So I think it's finally the time to blog. About what you may ask? Well, everything! I guess the only reason why I didn't was because many things had been happening and frankly I'm just not too happy about them. So I am going to sum up these past couple months in a few of my favorite words...
LOUSY, DISASTROUS, EERIE, UGLY, UNHOLY(lol) and just plain AWFUL :(
And it's just getting on my last nerve. I don't know what I've ever did to make the universe despise me so much at the moment but I just can't help it. I want it to be okay when I jump up and down, do whatever I want and just yell out to the universe that THIS IS JUST NOT FAIR.
This is the only available picture. *yawns
Around the first week of July, I bought a new purse for myself. Nothing special, just a normal black leather Alain Delon. After using it for only 3 wonderful weeks, I went to work one day just to come back with a heavyhearted soul and in grief. No wait. No no no! I went to the police station first, lodged a police report, then home with my bitter and gloomy self. I lost my new purse and everything in it. So I end up carrying around a temporary IC and also a police report everywhere I go. I finally got over the fact that I can never ever have the chance to see my purse, IC, licence, photos etc anymore. And I also thought the nightmare is over.

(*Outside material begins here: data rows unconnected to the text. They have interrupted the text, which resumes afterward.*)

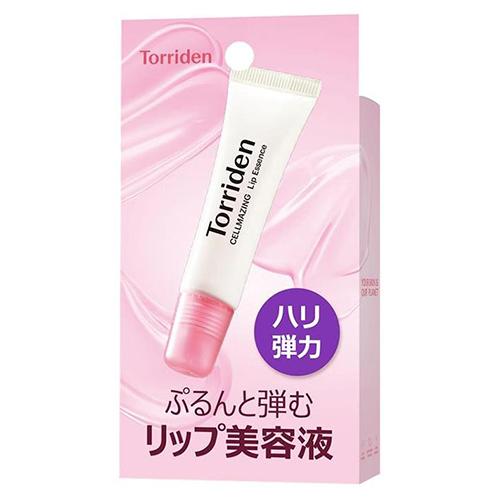コラーゲンリップエッセンス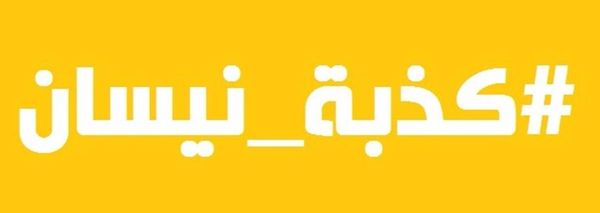 يوم "كذبة نيسان" .. كيف بدأ هذا الاحتفال "الساخر" وانتشر حول العالم ؟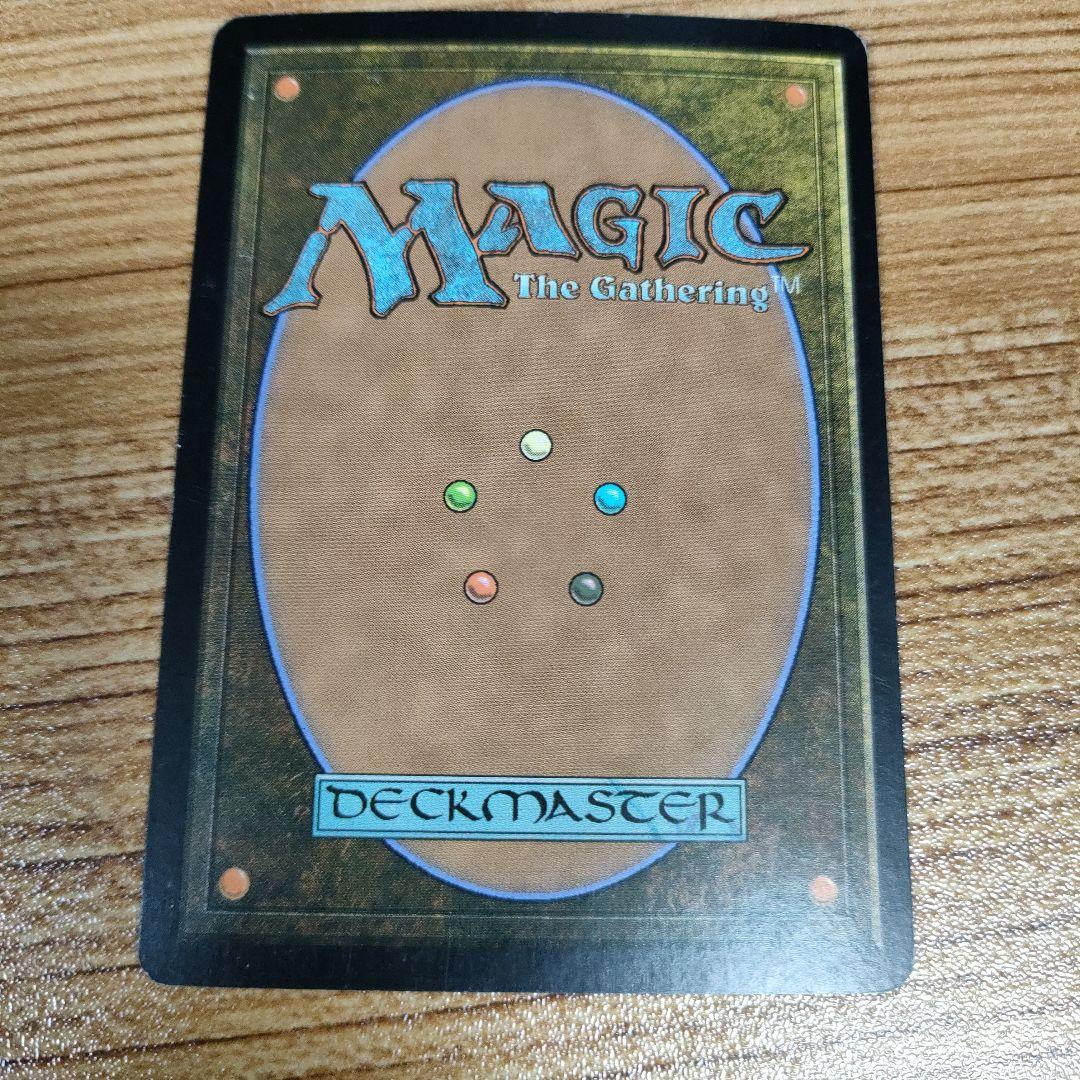 MTG 不快な群れ まあまあ綺麗 foil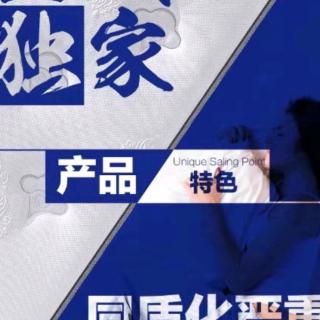 夏亮负激励学习第五天一共22天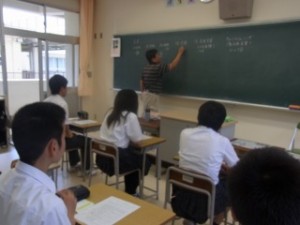 実習事前学習 004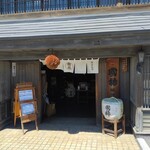 国稀酒造的實拍圖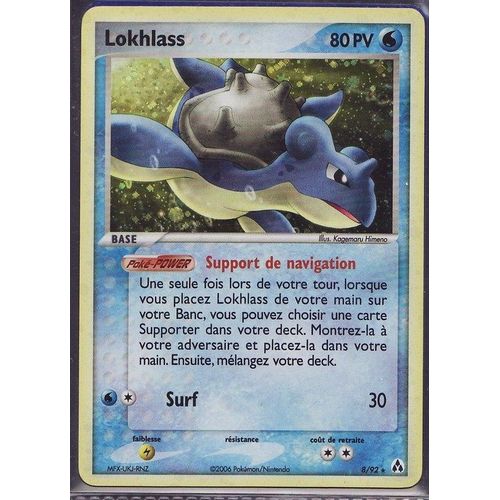 Ex 12: Créateurs De Légendes: Lokhlass 8/92 Holo Fr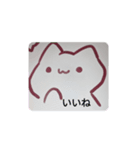 ねこのが世界の気持ち（個別スタンプ：1）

On the 13th of August, my 11 year old dog Lassie passed away. He has been with me for 8 years. We dug his grave and buried him beside our house. No matter what, he'll still be around watching over us and our house. I used to always come home from school and talk to him about all my never ending high school dramas. Now that he's not around anymore, us especially Sunshine & Bubbles have been so moody. We're okay.
I guess he's okay now too.
A week ago, my brother, boyfriend and I went to TM point together. We went in, asked a couple questions, then got out. I was a 2 minute stop. Our next stop was AEON. On the way there, my boyfriend got a phone call from my number. But I guess it was an accidental call as it was only ringing for only 2 seconds. When he tried to call back, it went into voice mail. So I drove back to TM, stormed in and asked the girl sitting behind the desk whether she saw a pink phone here. She answered me NO and then twitched, started looking around as if she was lying. I could tell she was very nervous. I mean, I don't look rich loh, if you found or took my phone, please just give it back to me lah. That was the only place I stopped at. I went in a couple more times to ask her again and again. She started getting a little defensive and angry.

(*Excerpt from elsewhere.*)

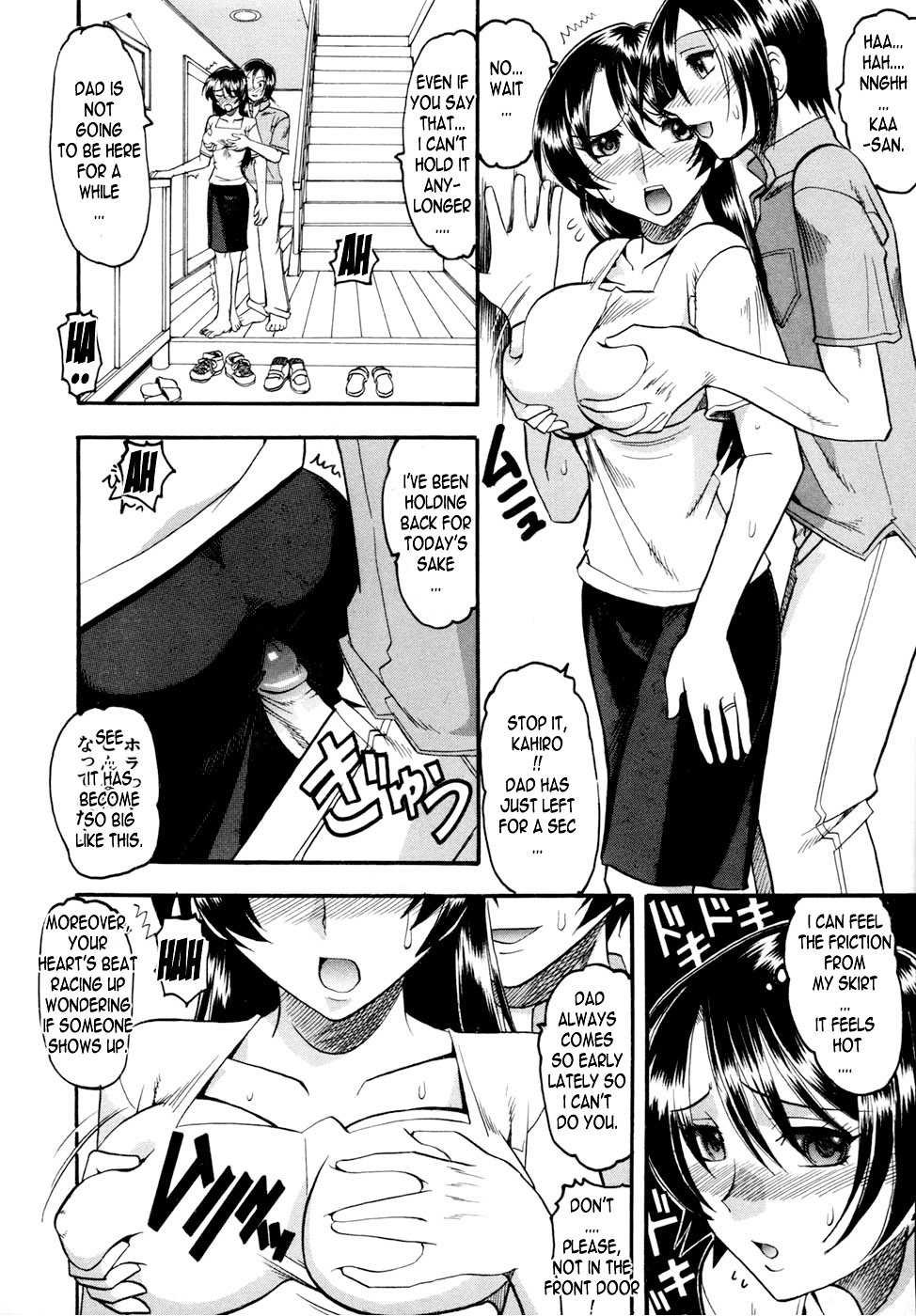 [木工用ボンド] ワガママ (君ってドMでしょ) [英訳] [無修正]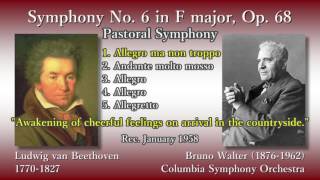 Beethoven: Symphony No. 6, Walter & ColumbiaSO (1958) ベートーヴェン 交響曲第6番 ワルター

At that moment, I decided I do not want to look or ask for it anymore. I'll just leave it. And again, do I really deserve this? :( Do you know the amount of down-in-the-dump days I need to go through? Going to bed and waking up with nothing to hold? I was devastated, now I guess I have again, finally got over it.
I guess I'll be renovating and repainting my study room before the ends.
So that's July and August for me. How about you?